'It’s important to keep creating art, without questioning'
“The Bodhisattwa Trio is like an unwanted love child to us – uncompromised and personal. We all do various kinds of work as musicians to pay our bills, but the reason the three of us got together and decided to do this project is to just be artistes. So that we had an answer to the question ‘What are we doing with our lives?’ to ourselves,” said Bodhisattwa Ghosh, guitarist and leading man of The Bodhisattwa Trio, an experimental jazz-rock group from Kolkata, India. The trip were at the Daily Star-Bengal Arts Precinct on Sunday in an Art Talk session titled “Artistes in a Material World”, that also featured performance of a few tracks.
The trio opened with their musical backgrounds and inspirations, and essentially why they do music. “Perception, passion, love, sensitivity – these are things that make an artiste. Money and success cannot drive an artiste. That could drive them to be professionally and financially successful musicians, but not artistes,” Premjit Dutta, the drummer of the band, weighed in. The soft-spoken bassist Bijit, meanwhile, pointed out that one essential factor in the making of a musician is listening to a lot of music of different kinds that inspires an artiste and helps them find their calling.
The band’s first performed piece, “Cronos”, was inspired from a Guillermo Del Toro vampire horror film of the same name, and was dedicated to him. The eerie piece started off slow and grungy, and developed into a chaotic, intricate and expressive piece, aptly evoking the theme. In the discussion that followed, the band discussed how an artiste can draw inspiration from, and interprets a work of art in another form, and then attempt to express that interpretation through their work.
Bodhi then went on to discuss the trio’s struggle to release their album, speaking of how there’s absolutely no funding for any music other than the adhunik and so-called ‘Bangla Rock’ in Kolkata, and the members had to other work individually – including session work, jingles, and live shows, until they had enough money to afford recording the songs. The band had to go to a label owned by a friend, and initiate a tour themselves, first of Europe, and now to Bangladesh, to promote their music. In the bigger picture, it spoke of the hurdles faced by any musician to get their music across to audiences, especially if they’re doing work experimental work. The issue of how musicians also need to find out their audience and then tap into that demographic, within their artistic freedom also came up in a lively open discussion, triggering the ‘underground-mainstream’ subject, to which Bijit responded well, saying “The artiste can, and needs to push the boundary of what is termed underground.”

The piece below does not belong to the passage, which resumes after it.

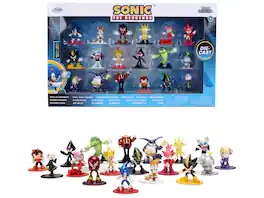 "Sonic The Hedgehog" Set of 18 Diecast Figures Wave 2 "Nano Metalfigs" Series Diecast Models by Jada - Multicolor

The issue of an artiste’s initiative, and how the support from other parties – be it the musical community, other musicians, record labels, venues and patrons – can and should play, were also on discussion. “You can’t sit at home and play music, and then complain ‘it’s not happening’,” observed Bodhi. Blues guitarist Seth Panduranga Blumberg, organiser of the discussion, also weighed in on how the dynamics of the scenario in respect to avant-garde work, in Bangladesh. With the advent of the Internet, methods and strategies of sharing and reaching out to audiences were also talked about.

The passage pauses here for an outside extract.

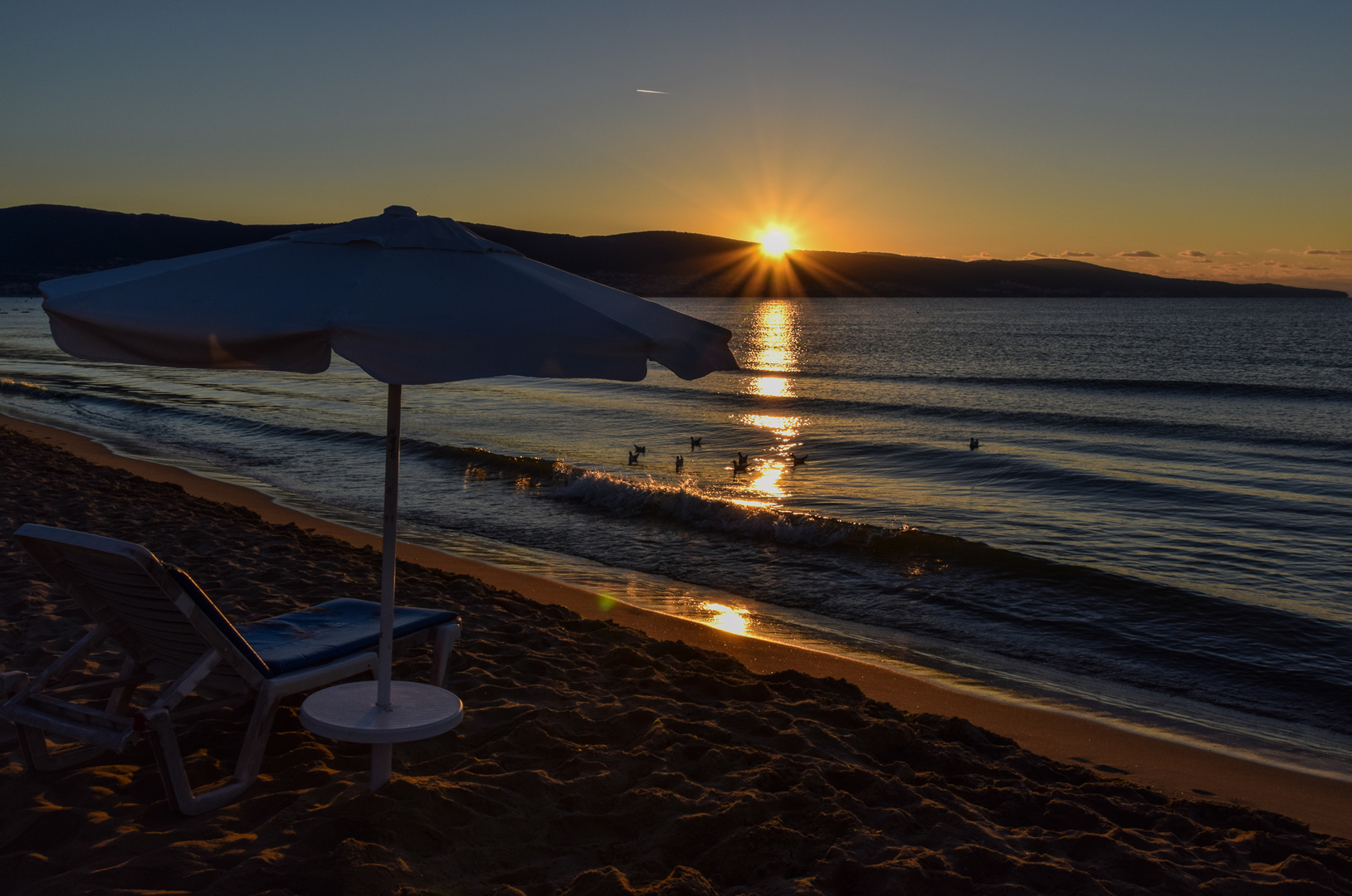 Sonnenaufgang am Sonnenstrand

In between, the band played a tribute to jazz legend Herbie Hancock, doing a guitar version of his jazz standard Cantaloupe Island, and closed with another original track, titled “0305”.
Bodhisattwa brought the evening to a fitting end with his closing observations: “We have the gift of connecting to a higher form, and thus, we have a responsibility: to create art because it’s worth it. After a session, we feel enlightened, because we have expressed something that only we could have. It’s important for artistes to keep creating art, without questioning.”